Shading is a common practice. However, it blocks part of the photosynthetically active radiation (PAR), which is crucial for crop development. This creates the dilemma: reduce heat without compromising product quality.
How the Cool-Cover Film Works
The film created by the team combines layers of zinc oxide, calcium fluoride, and silver. A simulation software was used to design the ideal sequence.
Thus, the researchers were able to balance the blocking of infrared radiation and the passage of necessary light.
Tests showed that the coated glass can reduce nearly 90% of the incoming near-infrared radiation. At the same time, it allows about 51% of the PAR to pass through, which is deemed sufficient to maintain active photosynthesis.

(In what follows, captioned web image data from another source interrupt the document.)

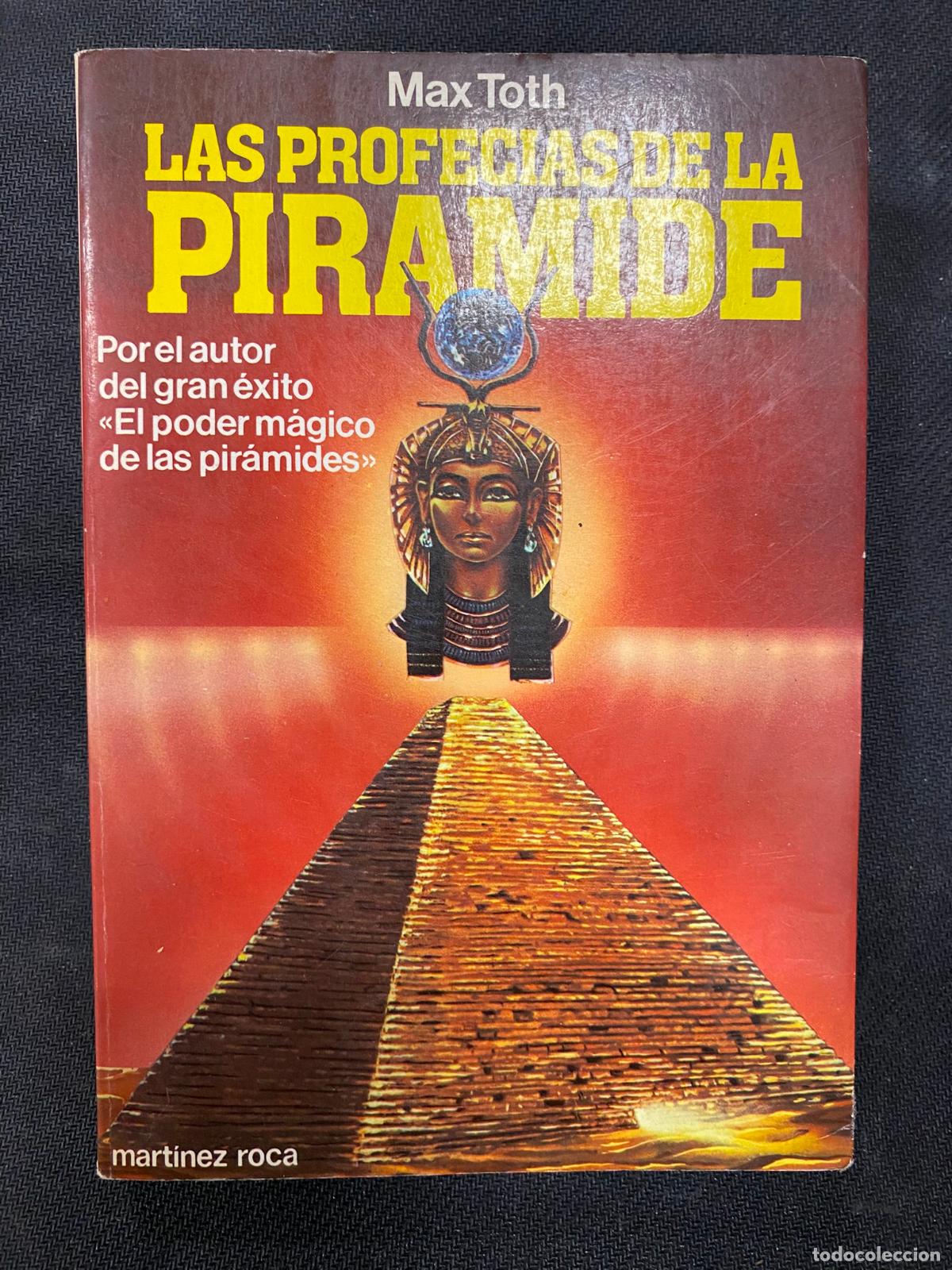 Libros de segunda mano: LAS PROFECIAS DE LA PIRAMIDE por Max Toth - Foto 1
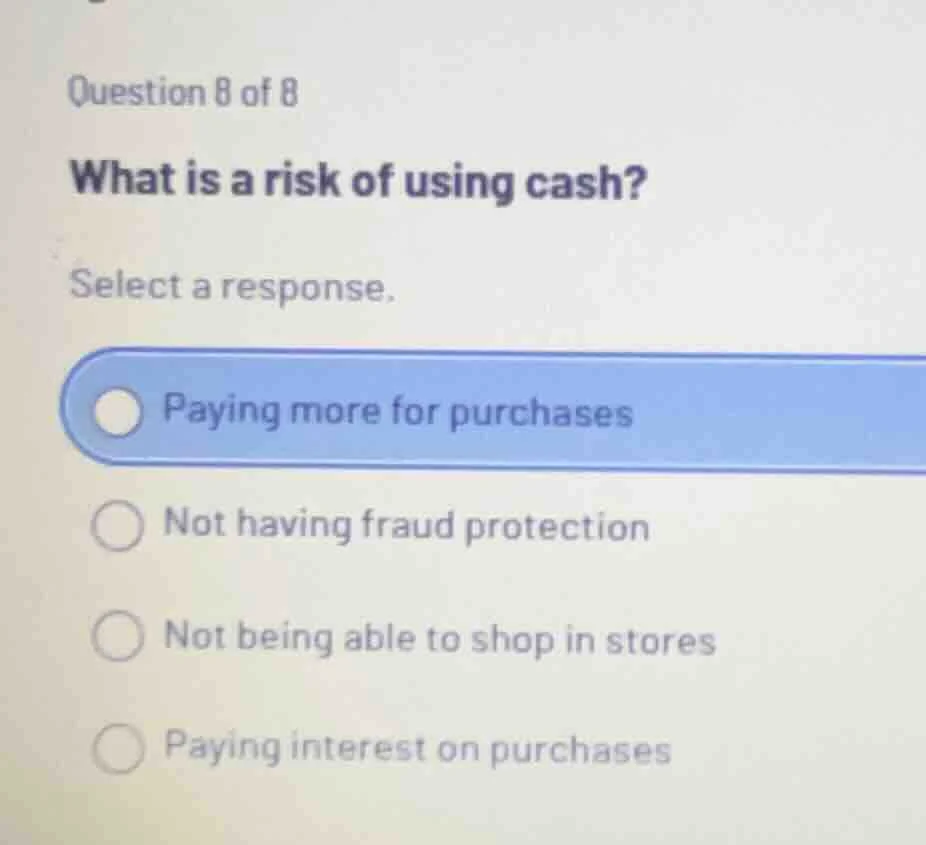 question 8 of 8 what is a risk of using cash? select a response. paying…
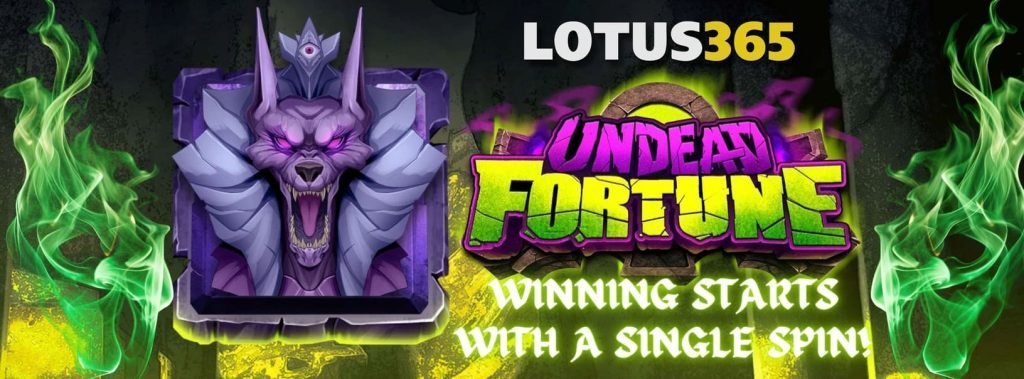How to Conquer the Undead Fortune Slot on Lotus365 3 Undead Fortune free spins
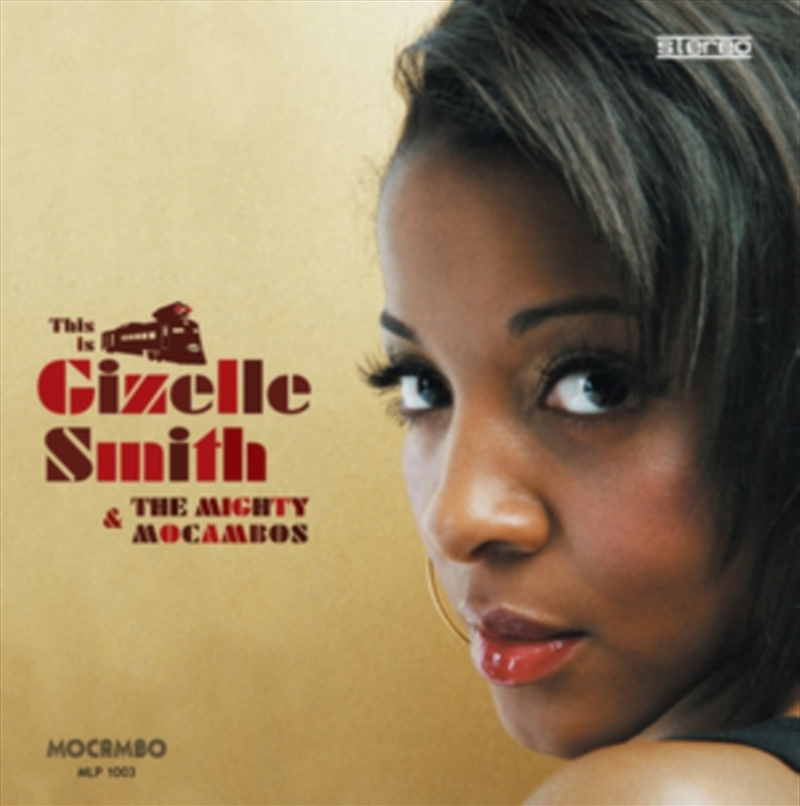 This Is Gizelle Smith & The Mighty Mocambos/Product Detail/R&B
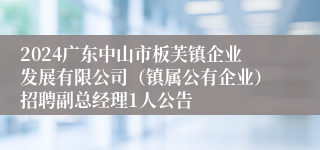 2024广东中山市板芙镇企业发展有限公司（镇属公有企业）招聘副总经理1人公告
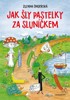 JAK ŠLY PASTELKY ZA SLUNÍČKEM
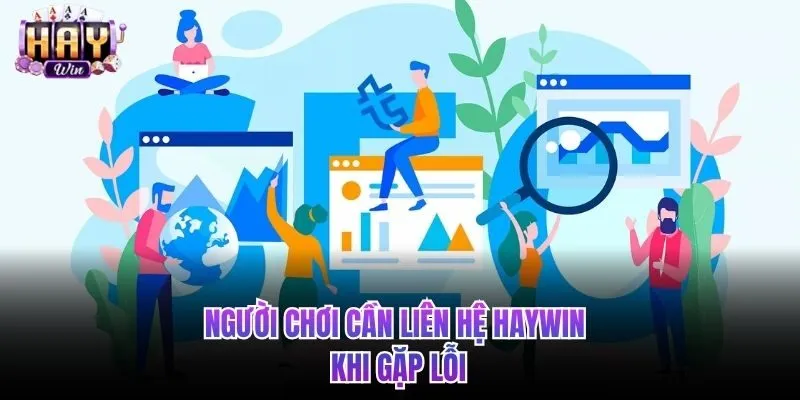 Người chơi khi gặp lỗi cần liên hệ HAYWIN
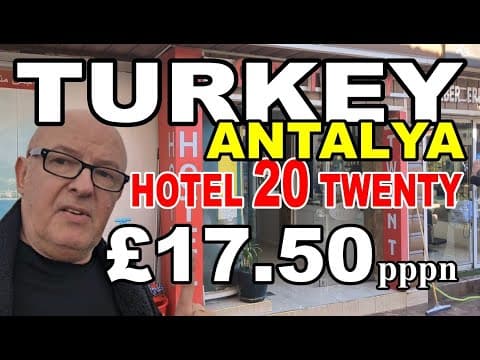 TURKEY ANTALYA - Hotel Twenty, Very Cheap But Basic, Tell Me What You Think!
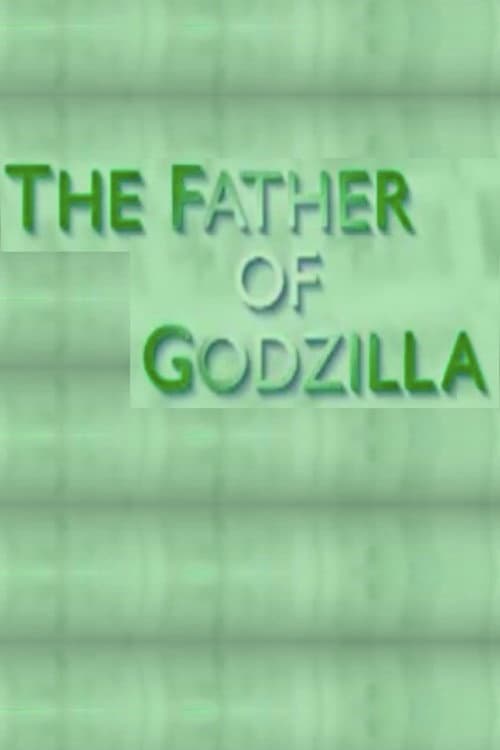 The Father of Godzilla: Eiji Tsuburaya poster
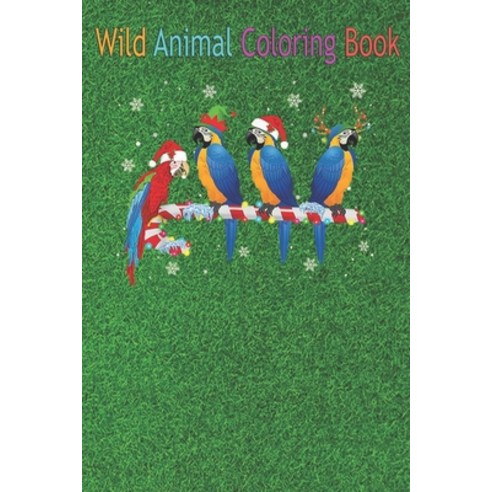 Wild Animal Coloring Book: Macaws With Candy Cane Funny Macaws Bird Christmas s An Coloring Book Fea... Paperback, Independently Published, English, 9798564012300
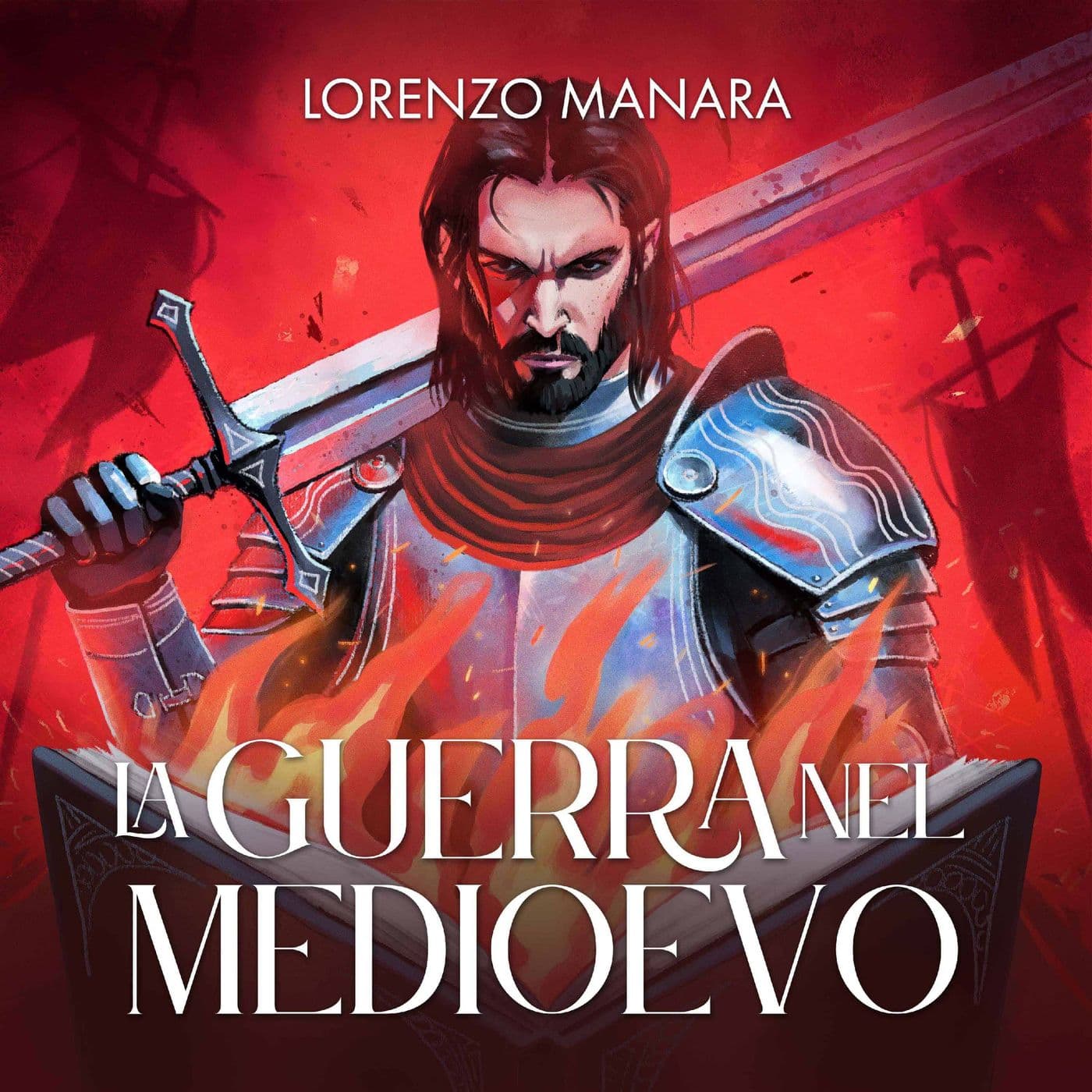 La Guerra nel Medioevo - Podcasts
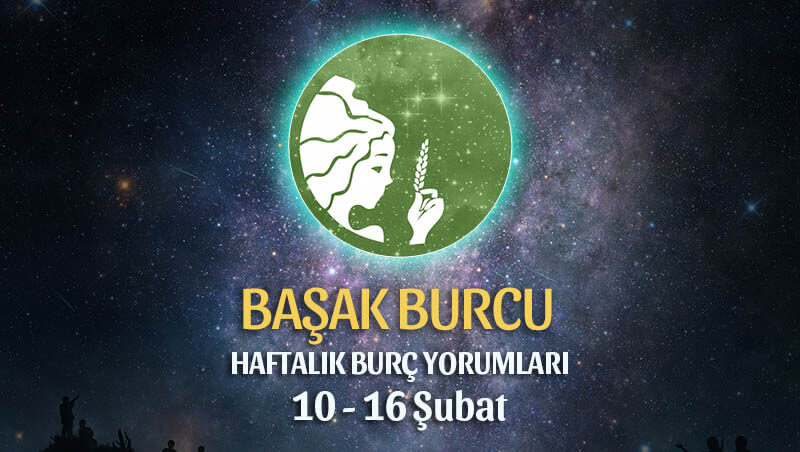 Başak Burcu Haftalık Burç Yorumları 10 - 16 Şubat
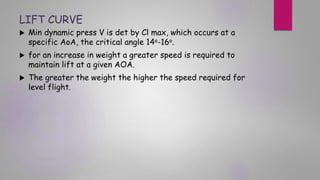 LIFT CURVE
 Min dynamic press V is det by Cl max, which occurs at a
specific AoA, the critical angle 14o-16o.
 for an increase in weight a greater speed is required to
maintain lift at a given AOA.
 The greater the weight the higher the speed required for
level flight.
 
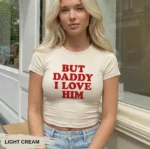 But Daddy I Love Him Y2K Baby Tee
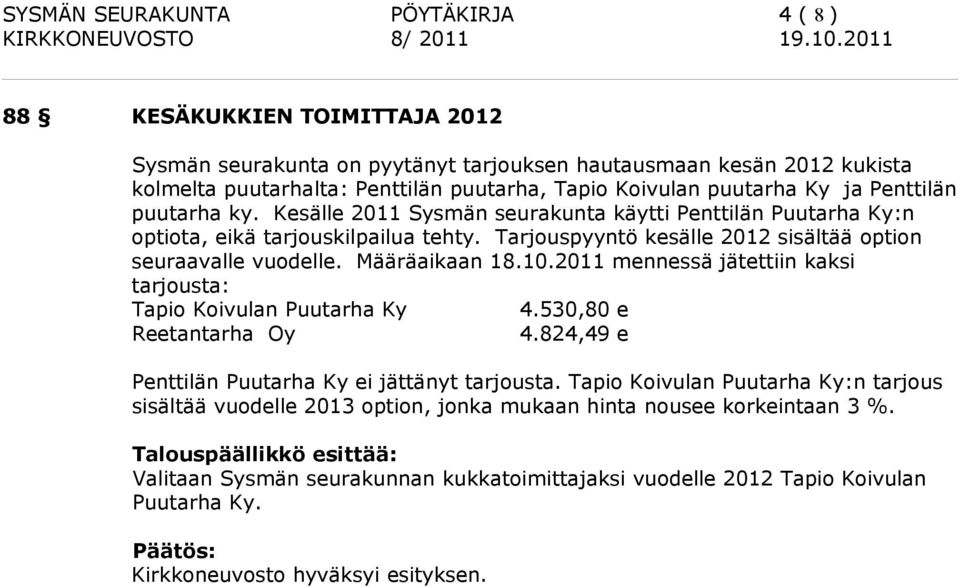 Tarjouspyyntö kesälle 2012 sisältää option seuraavalle vuodelle. Määräaikaan 18.10.2011 mennessä jätettiin kaksi tarjousta: Tapio Koivulan Puutarha Ky 4.530,80 e Reetantarha Oy 4.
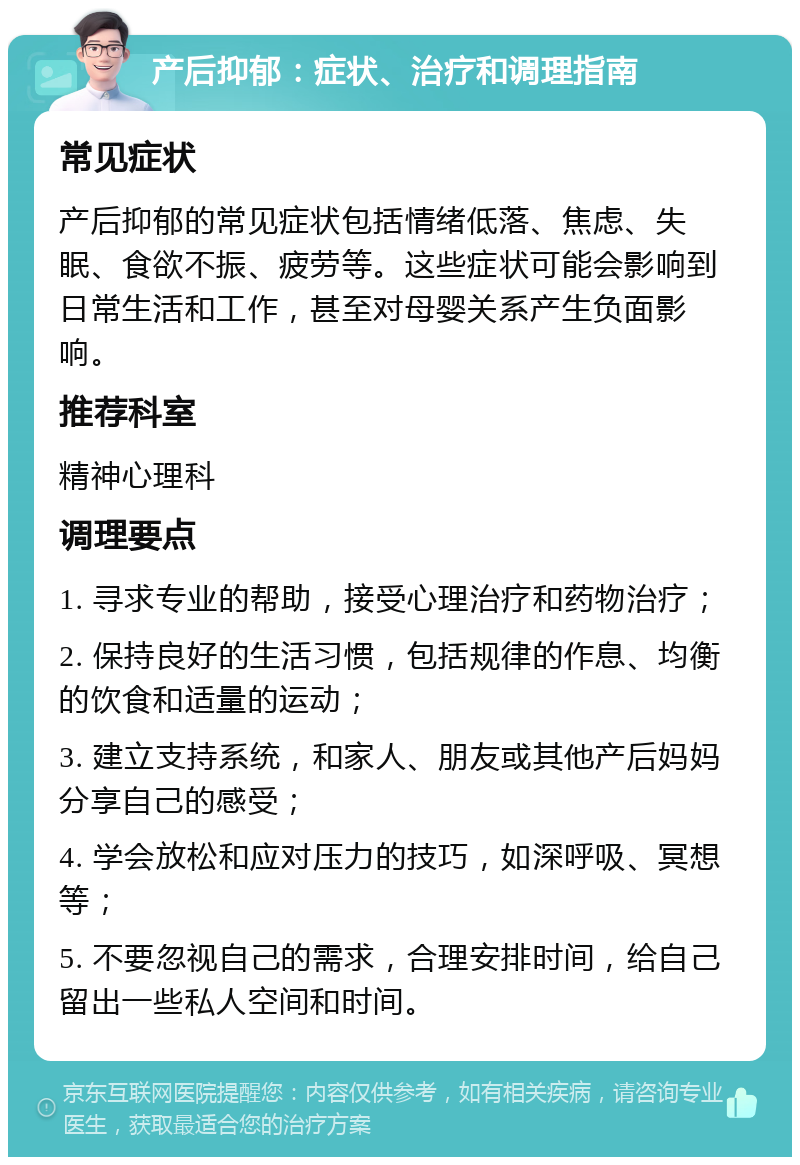 产后抑郁：症状、治疗和调理指南 常见症状 产后抑郁的常见症状包括情绪低落、焦虑、失眠、食欲不振、疲劳等。这些症状可能会影响到日常生活和工作，甚至对母婴关系产生负面影响。 推荐科室 精神心理科 调理要点 1. 寻求专业的帮助，接受心理治疗和药物治疗； 2. 保持良好的生活习惯，包括规律的作息、均衡的饮食和适量的运动； 3. 建立支持系统，和家人、朋友或其他产后妈妈分享自己的感受； 4. 学会放松和应对压力的技巧，如深呼吸、冥想等； 5. 不要忽视自己的需求，合理安排时间，给自己留出一些私人空间和时间。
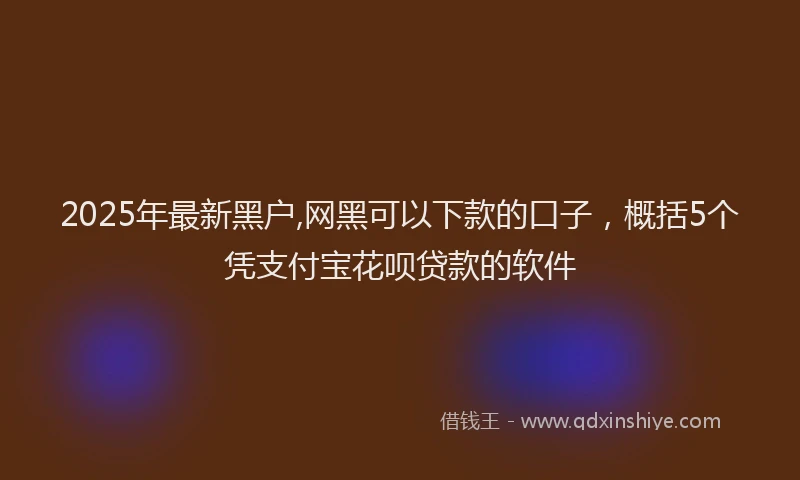 2025年最新黑户,网黑可以下款的口子，概括5个凭支付宝花呗贷款的软件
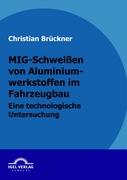 MIG-Schweissen von Aluminiumwerkstoffen im Fahrzeugbau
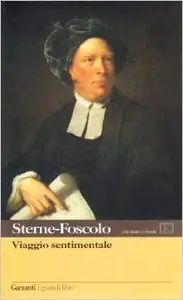 Laurence Sterne - Viaggio sentimentale di Yorick lungo la Francia e l'Italia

Expected Results in Greenhouse Models
Based on simulations, the team evaluated performance in different climates. The models indicated a strong reduction in the use of water and energy. The drawback appears as a slight decline in productivity, considered acceptable given the gains.
The authors highlighted that it is necessary to weigh the impacts. In areas with high solar radiation and water scarcity, such as Fresno, the balance between resource conservation and yield can be decisive.
Next Steps in Research
Currently, the group is working in partnership with the Lawrence Berkeley National Laboratory. The goal is to produce a practical version of the multilayer coating for real-scale testing.
Additionally, a provisional patent has already been registered. This shows the intention to take the project to commercial applications in the future.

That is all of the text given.